To calculate a T-interval, use the formula:

\bar{x} \pm t\frac{s}{\sqrt{n}}

. Interpretation: We are ##% confident that the true population mean falls within this interval.

Log-Normal Distribution Mean Confidence Interval

To calculate the CI for the mean of a log-normal distribution:

\exp\left(\bar{x} \pm z\frac{s}{\sqrt{n}}\right)

Interpretation: We are ##% confident that the true mean of the log-normal distribution falls within this interval.

Paired T-Interval

To calculate a Paired T-Interval, use the formula:

\bar{d} \pm t\frac{s_d}{\sqrt{n}}

. Interpretation: We are ##% confident that the mean difference between the paired data falls within this interval.

Confidence Interval for the Ratio of Two Variances

To calculate this interval, use the formula:

\left(\frac{s_1^2 / s_2^2}{F_{1-\alpha/2, df1, df2}}, \frac{s_1^2 / s_2^2}{F_{\alpha/2, df1, df2}}\right)

Interpretation: We are ##% confident that the ratio of the two population variances falls within this interval.

Confidence Interval for Exponential Distribution Mean

To calculate this interval, use the formula:

\left(\frac{2\sum x_i}{\chi_{\alpha/2}^2}, \frac{2\sum x_i}{\chi_{1-\alpha/2}^2}\right)

Interpretation: We are ##% confident that the true mean of the exponential distribution falls within this interval.

Confidence Interval for a Population Median

For a large sample size, approximate using the normal distribution:

\tilde{m} \pm z\frac{1}{2\sqrt{n}}

Interpretation: We are ##% confident that the true population median falls within this interval.

Confidence Interval for Population Variance

To calculate this interval, use the formula:

\left(\frac{(n-1)s^2}{\chi_{\alpha/2}^2}, \frac{(n-1)s^2}{\chi_{1-\alpha/2}^2}\right)

Interpretation: We are ##% confident that the true population variance falls within this interval.

Z-Interval for a Population Mean (σ known)

To calculate a Z-interval, use the formula:

\bar{x} \pm z\frac{σ}{\sqrt{n}}

. Interpretation: We are ##% confident that the true population mean falls within this interval.

Two-Independent-Samples T-Interval for Difference in Means

To calculate this interval, use the formula:

(\bar{x}_1 - \bar{x}_2) \pm t\sqrt{\frac{s_1^2}{n_1} + \frac{s_2^2}{n_2}}

. Interpretation: We are ##% confident that the difference in population means falls within this interval.

Confidence Interval for Standard Deviation

To calculate this interval, use the formula:

\left(\sqrt{\frac{(n-1)s^2}{\chi_{\alpha/2}^2}}, \sqrt{\frac{(n-1)s^2}{\chi_{1-\alpha/2}^2}}\right)
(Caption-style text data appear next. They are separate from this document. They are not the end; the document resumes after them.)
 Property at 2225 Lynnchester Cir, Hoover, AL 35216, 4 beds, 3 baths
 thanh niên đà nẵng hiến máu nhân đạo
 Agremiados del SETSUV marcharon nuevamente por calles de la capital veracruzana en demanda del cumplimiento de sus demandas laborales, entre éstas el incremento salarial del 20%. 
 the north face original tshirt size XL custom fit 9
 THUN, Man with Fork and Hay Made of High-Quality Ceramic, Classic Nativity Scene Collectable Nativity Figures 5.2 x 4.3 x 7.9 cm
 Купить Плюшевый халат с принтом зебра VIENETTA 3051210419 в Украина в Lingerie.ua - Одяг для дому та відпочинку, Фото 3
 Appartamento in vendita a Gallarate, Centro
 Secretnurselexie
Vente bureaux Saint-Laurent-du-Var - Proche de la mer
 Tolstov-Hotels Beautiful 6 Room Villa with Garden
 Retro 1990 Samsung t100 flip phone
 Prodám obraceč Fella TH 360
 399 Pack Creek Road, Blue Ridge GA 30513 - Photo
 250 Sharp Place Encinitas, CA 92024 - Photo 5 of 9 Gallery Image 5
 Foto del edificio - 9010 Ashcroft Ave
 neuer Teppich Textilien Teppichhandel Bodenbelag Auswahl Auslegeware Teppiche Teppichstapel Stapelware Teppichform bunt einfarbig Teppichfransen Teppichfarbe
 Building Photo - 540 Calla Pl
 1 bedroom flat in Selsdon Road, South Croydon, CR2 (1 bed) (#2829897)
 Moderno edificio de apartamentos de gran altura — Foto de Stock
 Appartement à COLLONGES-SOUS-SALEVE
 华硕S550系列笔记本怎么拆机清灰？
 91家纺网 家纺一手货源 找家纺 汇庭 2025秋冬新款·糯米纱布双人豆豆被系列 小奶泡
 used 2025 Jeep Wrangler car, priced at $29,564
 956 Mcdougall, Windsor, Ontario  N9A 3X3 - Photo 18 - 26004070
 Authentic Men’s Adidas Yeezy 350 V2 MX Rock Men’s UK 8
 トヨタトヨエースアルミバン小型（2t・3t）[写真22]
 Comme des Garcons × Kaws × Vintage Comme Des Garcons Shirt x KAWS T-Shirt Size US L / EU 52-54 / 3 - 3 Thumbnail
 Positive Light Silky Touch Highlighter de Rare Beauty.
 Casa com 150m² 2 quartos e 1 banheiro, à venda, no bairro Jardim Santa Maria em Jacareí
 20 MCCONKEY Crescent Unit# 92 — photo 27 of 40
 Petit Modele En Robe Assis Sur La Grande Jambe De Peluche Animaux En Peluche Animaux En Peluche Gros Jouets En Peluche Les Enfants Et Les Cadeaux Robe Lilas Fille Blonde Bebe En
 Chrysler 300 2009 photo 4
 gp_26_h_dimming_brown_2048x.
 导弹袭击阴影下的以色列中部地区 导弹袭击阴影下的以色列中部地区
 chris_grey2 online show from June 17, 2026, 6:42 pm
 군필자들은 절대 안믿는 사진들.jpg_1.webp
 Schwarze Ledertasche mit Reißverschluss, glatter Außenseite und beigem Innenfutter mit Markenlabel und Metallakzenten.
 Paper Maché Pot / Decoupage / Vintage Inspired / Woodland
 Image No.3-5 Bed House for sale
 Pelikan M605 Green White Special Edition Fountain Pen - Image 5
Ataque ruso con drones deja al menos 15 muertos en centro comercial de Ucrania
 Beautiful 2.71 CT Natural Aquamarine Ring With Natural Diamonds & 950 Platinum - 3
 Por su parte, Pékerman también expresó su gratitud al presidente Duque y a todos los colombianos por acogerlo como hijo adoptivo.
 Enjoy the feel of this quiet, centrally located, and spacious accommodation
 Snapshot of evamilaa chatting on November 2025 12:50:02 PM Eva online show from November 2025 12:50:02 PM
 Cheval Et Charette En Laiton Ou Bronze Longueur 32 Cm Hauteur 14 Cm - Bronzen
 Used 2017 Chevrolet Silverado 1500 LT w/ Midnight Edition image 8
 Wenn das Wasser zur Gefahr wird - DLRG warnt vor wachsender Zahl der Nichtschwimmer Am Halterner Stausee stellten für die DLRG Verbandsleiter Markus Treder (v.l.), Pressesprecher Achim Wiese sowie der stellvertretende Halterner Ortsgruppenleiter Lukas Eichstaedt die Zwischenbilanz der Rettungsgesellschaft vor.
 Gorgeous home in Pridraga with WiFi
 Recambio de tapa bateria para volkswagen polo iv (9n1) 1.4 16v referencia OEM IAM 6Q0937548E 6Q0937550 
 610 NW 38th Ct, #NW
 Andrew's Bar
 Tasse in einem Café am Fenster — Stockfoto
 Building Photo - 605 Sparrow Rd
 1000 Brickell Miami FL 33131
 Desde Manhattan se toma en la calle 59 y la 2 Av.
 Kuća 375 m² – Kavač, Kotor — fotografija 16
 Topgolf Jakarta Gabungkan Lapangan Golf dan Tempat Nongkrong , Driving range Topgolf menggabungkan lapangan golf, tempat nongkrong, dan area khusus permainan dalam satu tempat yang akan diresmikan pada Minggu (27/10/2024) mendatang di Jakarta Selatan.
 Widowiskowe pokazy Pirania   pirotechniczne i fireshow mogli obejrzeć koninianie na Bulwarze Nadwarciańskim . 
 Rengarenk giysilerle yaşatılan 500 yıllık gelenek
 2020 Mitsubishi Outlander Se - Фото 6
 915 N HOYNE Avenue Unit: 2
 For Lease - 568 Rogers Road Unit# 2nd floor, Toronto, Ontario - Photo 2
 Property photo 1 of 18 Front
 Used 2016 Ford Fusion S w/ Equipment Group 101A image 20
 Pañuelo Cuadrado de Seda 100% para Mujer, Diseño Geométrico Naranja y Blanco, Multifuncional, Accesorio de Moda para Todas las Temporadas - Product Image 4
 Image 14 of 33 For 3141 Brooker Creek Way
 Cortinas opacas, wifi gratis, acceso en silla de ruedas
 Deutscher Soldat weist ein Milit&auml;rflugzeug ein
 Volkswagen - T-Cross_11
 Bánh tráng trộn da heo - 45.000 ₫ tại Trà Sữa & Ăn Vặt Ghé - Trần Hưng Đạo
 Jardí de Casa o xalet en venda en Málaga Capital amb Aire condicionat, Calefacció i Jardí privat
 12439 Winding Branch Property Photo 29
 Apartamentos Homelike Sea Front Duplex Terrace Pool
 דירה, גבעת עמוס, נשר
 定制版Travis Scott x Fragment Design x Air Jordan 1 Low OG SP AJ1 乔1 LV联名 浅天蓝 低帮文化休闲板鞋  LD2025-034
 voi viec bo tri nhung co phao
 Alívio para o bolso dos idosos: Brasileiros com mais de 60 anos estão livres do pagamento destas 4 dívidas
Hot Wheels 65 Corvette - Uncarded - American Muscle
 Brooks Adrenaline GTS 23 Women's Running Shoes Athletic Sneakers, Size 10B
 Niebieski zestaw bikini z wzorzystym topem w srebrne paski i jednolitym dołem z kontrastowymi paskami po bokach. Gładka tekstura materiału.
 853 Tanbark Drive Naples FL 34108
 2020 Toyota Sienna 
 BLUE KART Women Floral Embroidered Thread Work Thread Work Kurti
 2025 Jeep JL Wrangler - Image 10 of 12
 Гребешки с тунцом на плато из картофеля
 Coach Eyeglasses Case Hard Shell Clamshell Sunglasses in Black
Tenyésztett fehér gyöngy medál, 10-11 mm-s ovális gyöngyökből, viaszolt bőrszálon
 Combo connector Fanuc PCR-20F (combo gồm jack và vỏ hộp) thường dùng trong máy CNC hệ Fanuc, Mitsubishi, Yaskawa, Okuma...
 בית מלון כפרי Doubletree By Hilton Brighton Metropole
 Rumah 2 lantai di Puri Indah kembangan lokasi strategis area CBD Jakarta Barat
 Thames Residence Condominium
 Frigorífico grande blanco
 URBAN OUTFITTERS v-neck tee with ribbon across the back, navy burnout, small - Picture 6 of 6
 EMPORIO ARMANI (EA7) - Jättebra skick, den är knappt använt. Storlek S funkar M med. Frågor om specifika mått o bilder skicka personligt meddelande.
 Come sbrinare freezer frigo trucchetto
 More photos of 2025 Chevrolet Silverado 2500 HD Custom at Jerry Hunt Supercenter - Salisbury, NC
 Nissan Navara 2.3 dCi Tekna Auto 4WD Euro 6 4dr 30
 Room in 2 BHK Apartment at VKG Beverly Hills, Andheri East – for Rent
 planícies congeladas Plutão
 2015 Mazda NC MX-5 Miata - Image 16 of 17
Interpretation: We are ##% confident that the true population standard deviation falls within this interval.

Confidence Interval for a Population Correlation Coefficient

To calculate this interval, use the Fisher z-transformation:

\tanh\left(\arctanh(r) \pm \frac{z}{\sqrt{n-3}}\right)

Interpretation: We are ##% confident that the true population correlation coefficient falls within this interval.

One-Proportion Z-Interval

To calculate a One-Proportion Z-Interval, use the formula:

\hat{p} \pm z\sqrt{\frac{\hat{p}(1-\hat{p})}{n}}

. Interpretation: We are ##% confident that the true population proportion falls within this interval.

Confidence Interval for the Slope of a Regression Line

To calculate this interval, use the formula:

b \pm t\frac{s_e}{\sqrt{SS_{xx}}}

Interpretation: We are ##% confident that the true slope of the population regression line falls within this interval.

Two-Independent-Samples Z-Interval for Difference in Means

To calculate this interval, use the formula:

(\bar{x}_1 - \bar{x}_2) \pm z\sqrt{\frac{σ_1^2}{n_1} + \frac{σ_2^2}{n_2}}

. Interpretation: We are ##% confident that the difference in population means falls within this interval.

One-Proportion Z-Interval for Proportion Difference

To calculate this interval, use the formula:

(\hat{p}_1 - \hat{p}_2) \pm z\sqrt{\frac{\hat{p}_1(1-\hat{p}_1)}{n_1} + \frac{\hat{p}_2(1-\hat{p}_2)}{n_2}}

. Interpretation: We are ##% confident that the difference in population proportions falls within this interval.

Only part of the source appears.